▸ SOURCE RECORDS:
▽
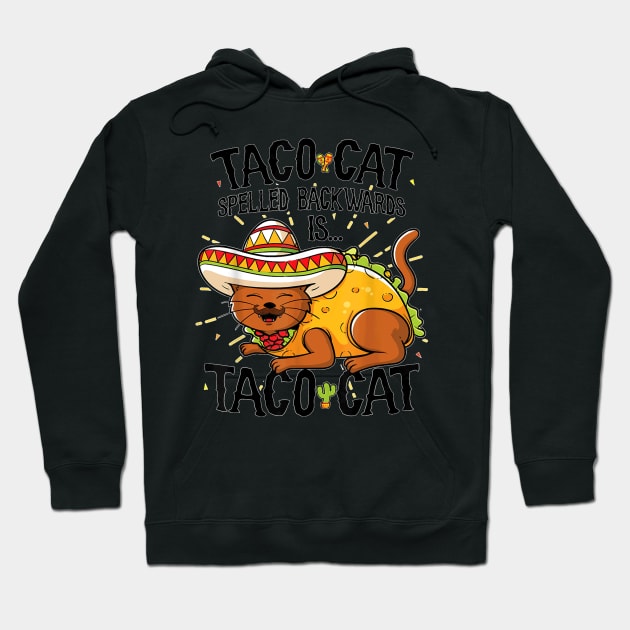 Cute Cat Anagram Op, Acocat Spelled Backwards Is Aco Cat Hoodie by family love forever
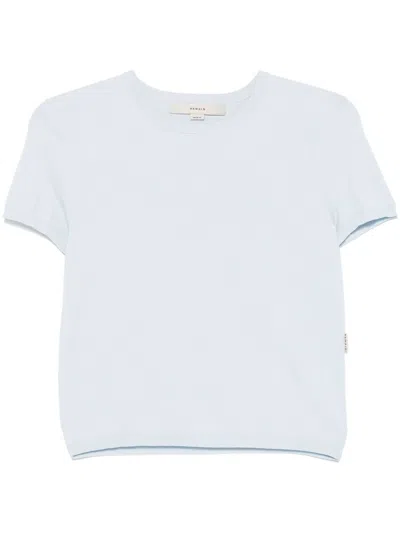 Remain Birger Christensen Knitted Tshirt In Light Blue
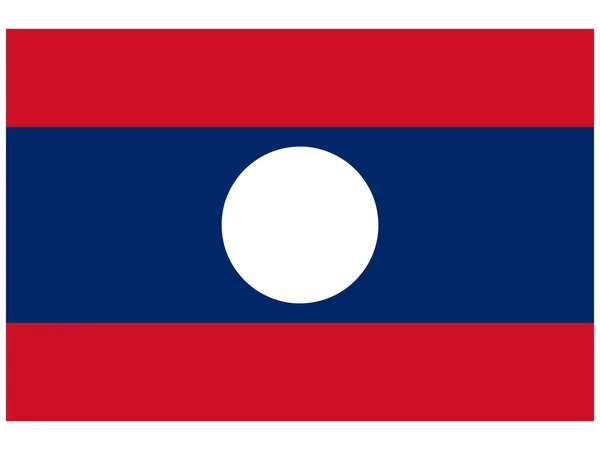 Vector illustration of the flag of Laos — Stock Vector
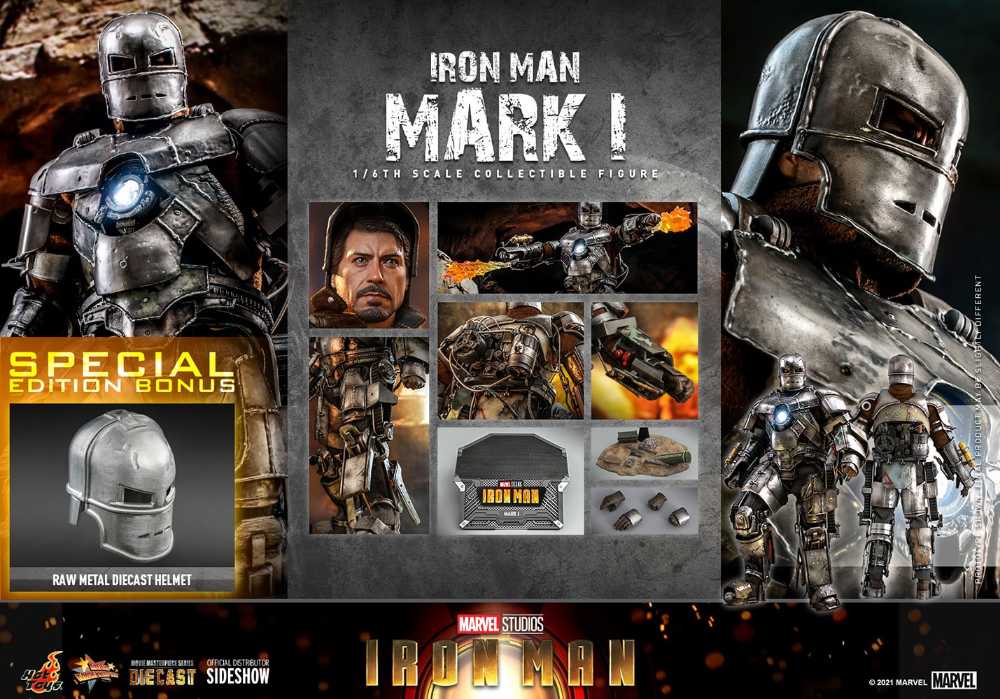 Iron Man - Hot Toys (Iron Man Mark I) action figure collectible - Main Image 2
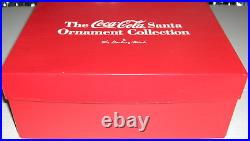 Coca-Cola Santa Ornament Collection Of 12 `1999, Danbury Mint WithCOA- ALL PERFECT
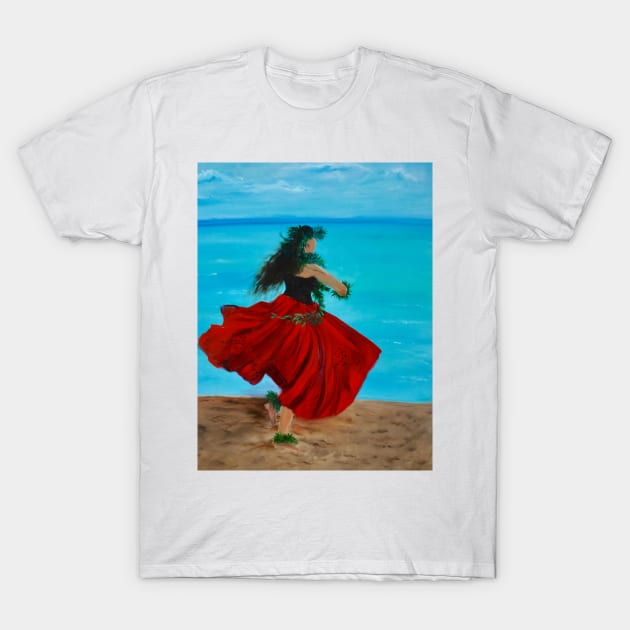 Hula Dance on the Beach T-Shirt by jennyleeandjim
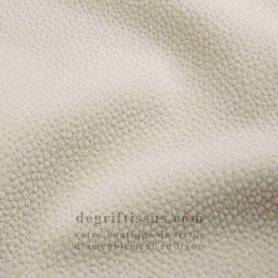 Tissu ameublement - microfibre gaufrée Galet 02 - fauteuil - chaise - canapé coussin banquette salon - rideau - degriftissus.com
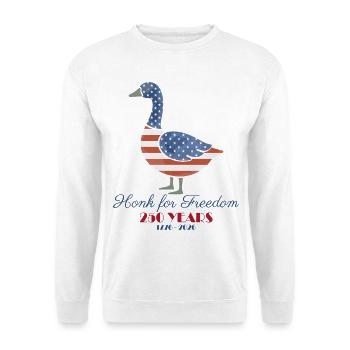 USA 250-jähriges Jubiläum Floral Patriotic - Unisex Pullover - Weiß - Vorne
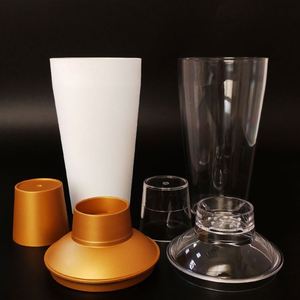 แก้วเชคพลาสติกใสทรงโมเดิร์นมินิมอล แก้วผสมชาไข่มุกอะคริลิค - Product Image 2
△
▽
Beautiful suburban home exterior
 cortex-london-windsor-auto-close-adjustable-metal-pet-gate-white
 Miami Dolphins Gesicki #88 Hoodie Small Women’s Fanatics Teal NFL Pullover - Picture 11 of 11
△
▽
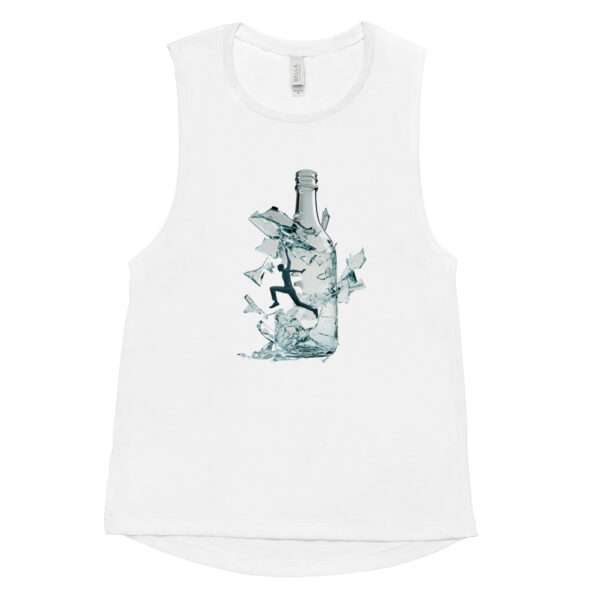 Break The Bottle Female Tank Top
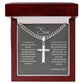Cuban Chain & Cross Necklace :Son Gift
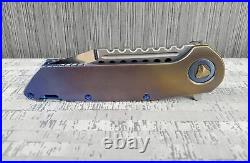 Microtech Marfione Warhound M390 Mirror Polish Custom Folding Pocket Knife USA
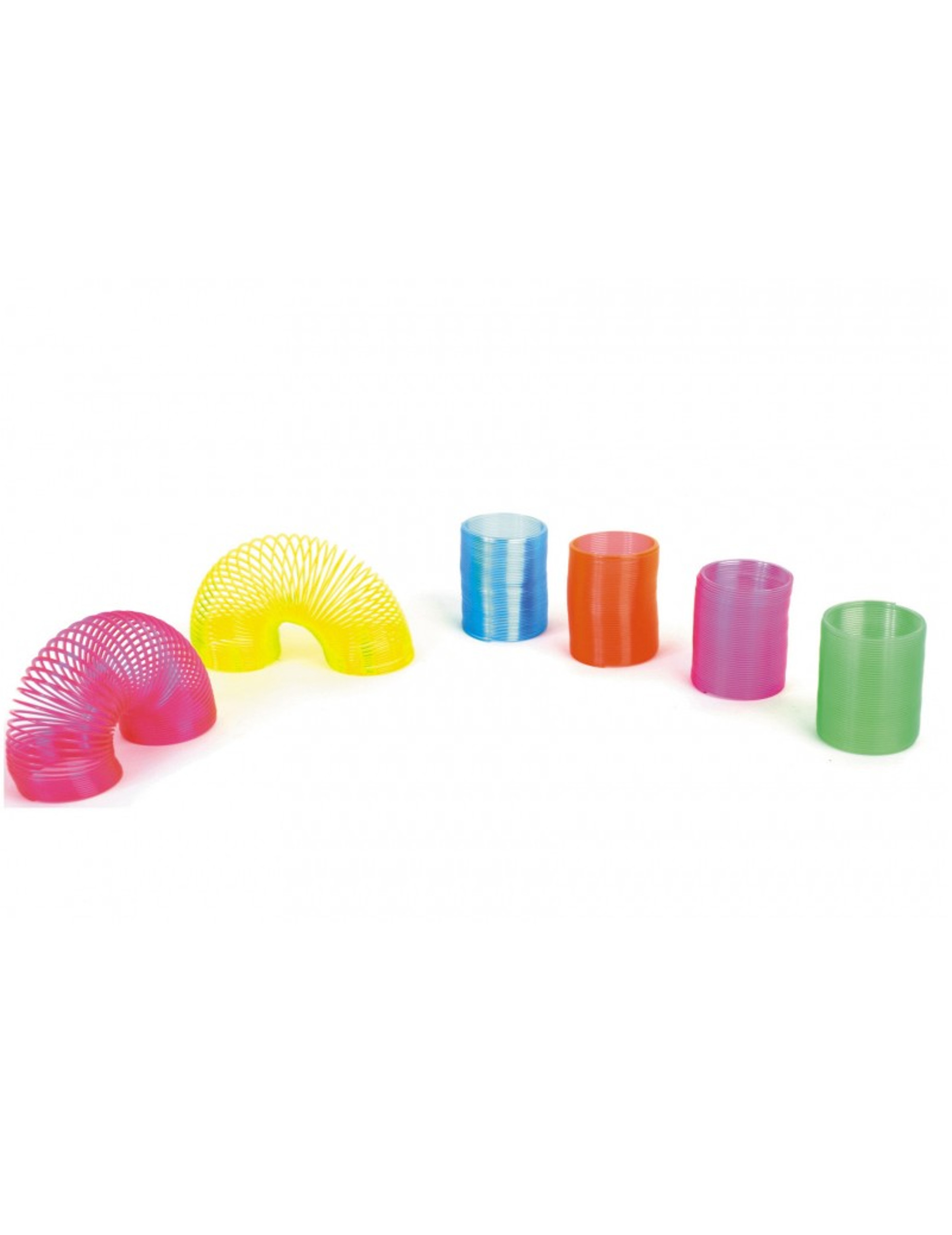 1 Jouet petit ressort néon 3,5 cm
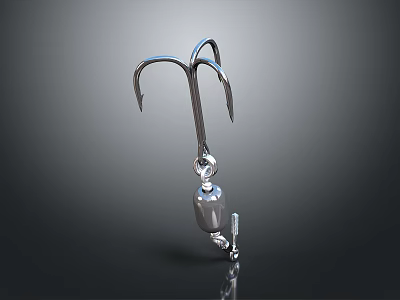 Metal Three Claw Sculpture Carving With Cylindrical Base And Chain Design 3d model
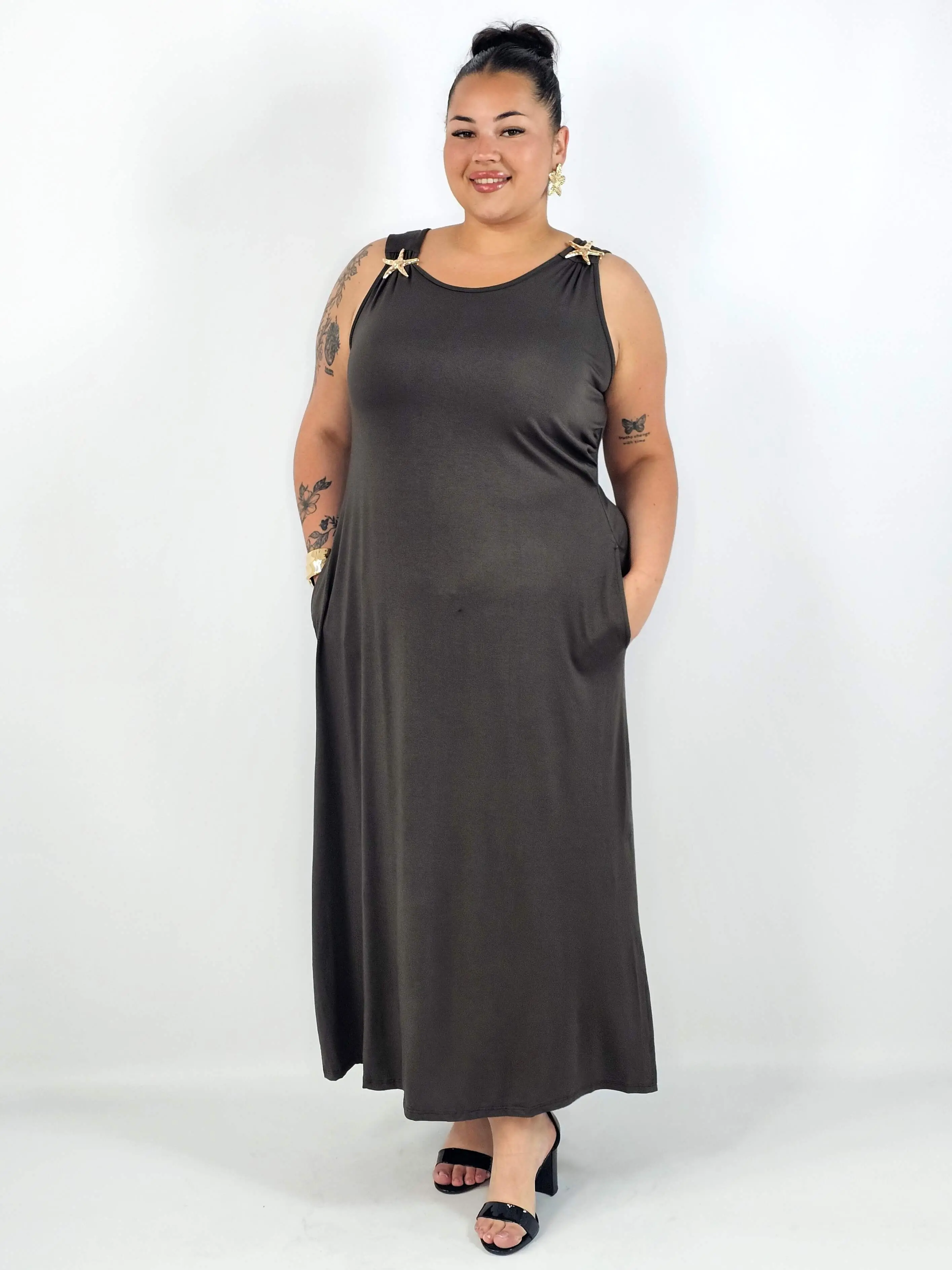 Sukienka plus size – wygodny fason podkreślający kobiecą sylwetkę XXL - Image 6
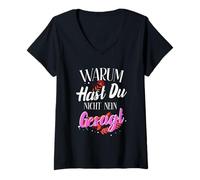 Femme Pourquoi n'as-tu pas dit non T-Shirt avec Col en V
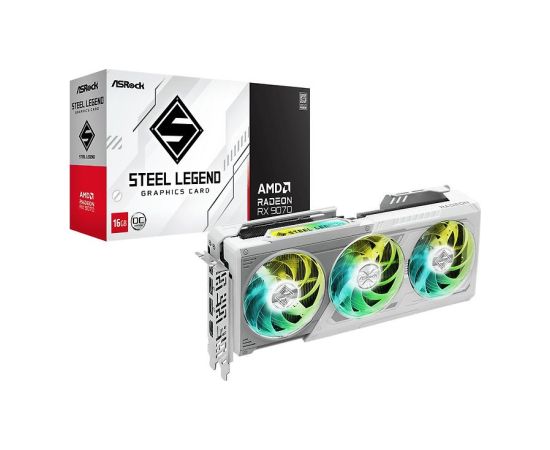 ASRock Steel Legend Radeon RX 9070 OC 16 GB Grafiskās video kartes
△
Look above for the line with "Cute Cat Anagram"; quote it and every line after it, stopping after the line with "Product Image 2", exactly, with nothing added and without pictures.

▸ RESPONSE TO THIS EXERCISE:
 Cute Cat Anagram Op, Acocat Spelled Backwards Is Aco Cat Hoodie by family love forever
 Remain Birger Christensen Knitted Tshirt In Light Blue
 Vector illustration of the flag of Laos — Stock Vector
 Iron Man - Hot Toys (Iron Man Mark I) action figure collectible - Main Image 2
 Coca-Cola Santa Ornament Collection Of 12 `1999, Danbury Mint WithCOA- ALL PERFECT
 Hula Dance on the Beach T-Shirt by jennyleeandjim
 Tissu ameublement - microfibre gaufrée Galet 02 - fauteuil - chaise - canapé coussin banquette salon - rideau - degriftissus.com
 USA 250-jähriges Jubiläum Floral Patriotic - Unisex Pullover - Weiß - Vorne
 แก้วเชคพลาสติกใสทรงโมเดิร์นมินิมอล แก้วผสมชาไข่มุกอะคริลิค - Product Image 2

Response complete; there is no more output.